Given material —
--- START ---
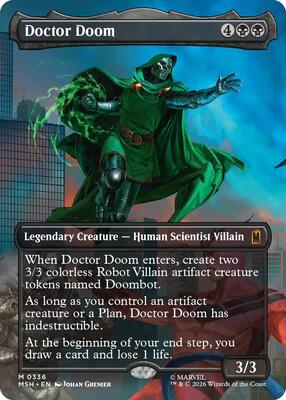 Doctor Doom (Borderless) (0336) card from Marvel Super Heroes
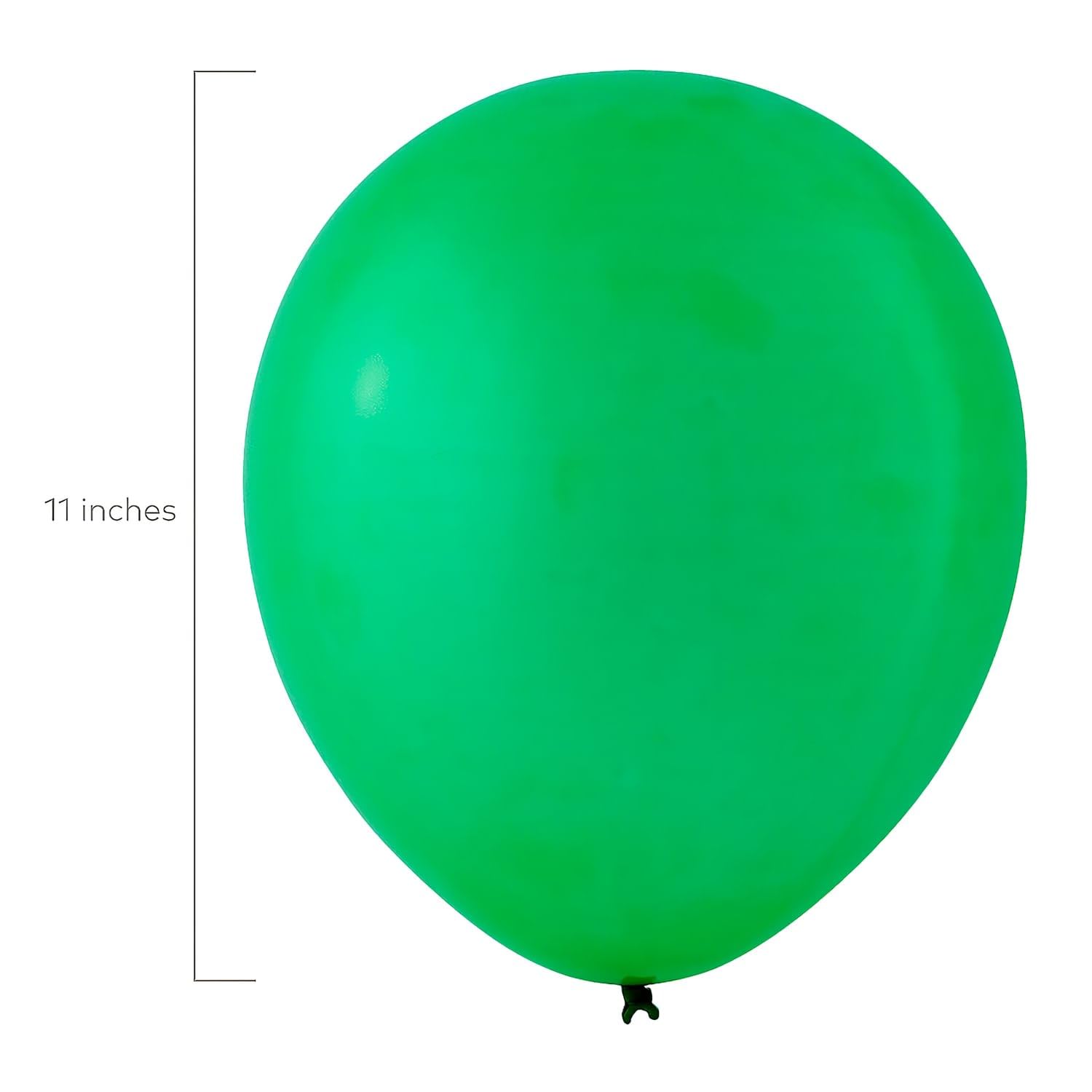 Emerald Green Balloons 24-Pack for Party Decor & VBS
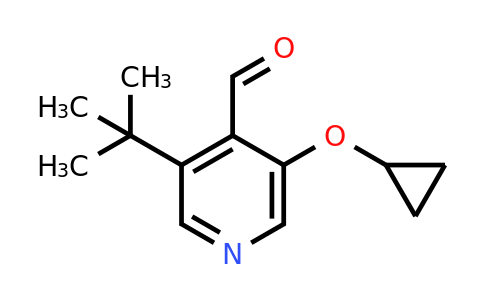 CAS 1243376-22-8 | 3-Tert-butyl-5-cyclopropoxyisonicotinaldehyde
--- END ---
Problem to work on —
Copy out exactly, without any pictures, the lines above that begin at the one with "Emerald Green Balloons" and end at the last line of the listing.

Solved exercise —
 Emerald Green Balloons 24-Pack for Party Decor & VBS
 CAS 1243376-22-8 | 3-Tert-butyl-5-cyclopropoxyisonicotinaldehyde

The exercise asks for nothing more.